The thing is — it takes time to establish credibility, and no matter how talented you are, it’s not realistic to expect your first article to make thousands of dollars. When you’re looking to monetise your hobby, accept that you’re in it for the long run. Be prepared to put in consistent efforts over a period of time and only then you can get paid.
Remember there are thousands of independent content creators you’re competing against, some of them have been working for far longer than you can imagine. Of course, it would take time and effort to reach their level.

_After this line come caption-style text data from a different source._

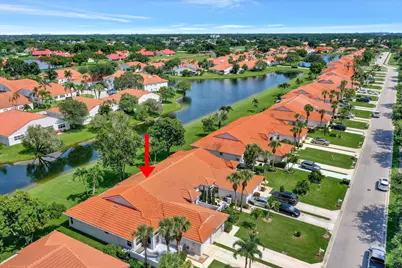 15136 W Tranquility Lake Drive, Delray Beach, FL 33446 - Photo 7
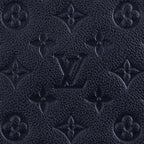 Louis Vuitton PONTHIEU PM MARINE ROUGE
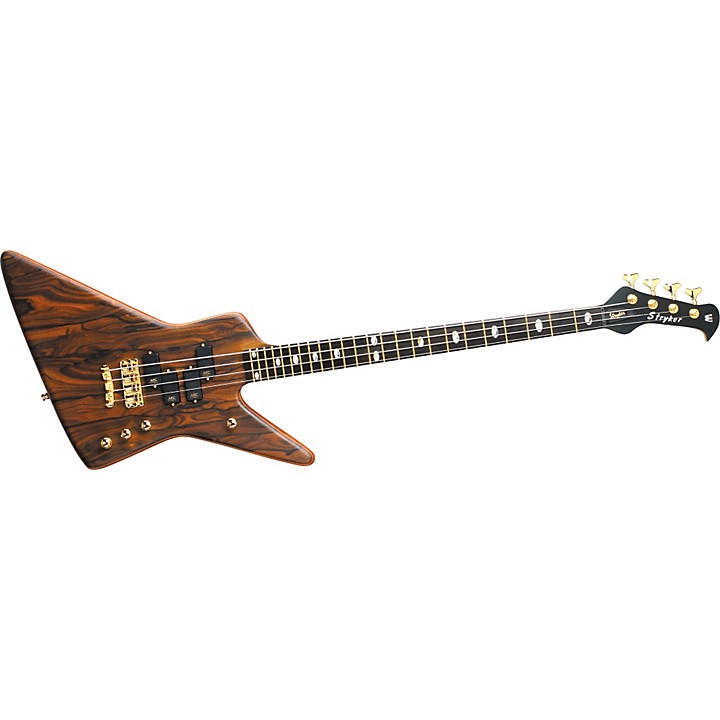 【ずく】warwick Warwick Custom Shop Masterbuilt Thumb Bass 5st 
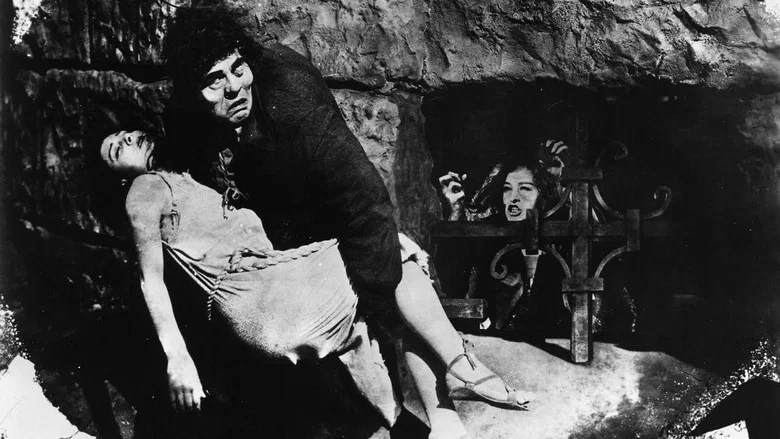 The Hunchback of Notre Dame screenshot 3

4. Don’t Make It Your Only Source of Income
I love writing. I love making money from writing. But if I made it my sole income source, then the amount of money I earn would directly depend on how many words I can write in a day. That would put pressure on me to write something each day, whether I feel like it or not. If I write without feeling passionate about it, what’s the difference between a hobby and a day job?
A hobby is supposed to give you joy. It’s not supposed to act as a cage and trap you inside the regular grind.
To make sure this doesn’t happen, work towards building multiple sources of income. This can be monetising the same hobby in different forms. For example, if you’re a photographer, you can take up commissioned work, upload your work on freelancing websites, do portfolio shoots and make movies. If you’re a writer, you can work on books, write on online platforms that pay, start your own writing course, make videos on YouTube, etc. Or, you can also work on monetising different hobbies, or combining two hobbies and making something unique that can be monetised.
The key here is not to let your income depend on doing just one type of work. Mix and match your skills and time to derive enjoyment out of the process.
Monetising a hobby can act as a great motivation, despite the social stigma attached to it. Here are four things you need to keep in mind:
- Don’t wait until you’re perfect. Start right away.
- Don’t change yourself for the audience. Be authentic. Be you.
- Stop expecting immediate results. Be prepared to be in it for the long term. Consistency always pays off.
- Have other sources of income aside from the hobby.
The most important part is to revel in your creativity and enjoy the process. Sure, making money by doing what you love is awesome, but that shouldn’t take the enjoyment out of creating.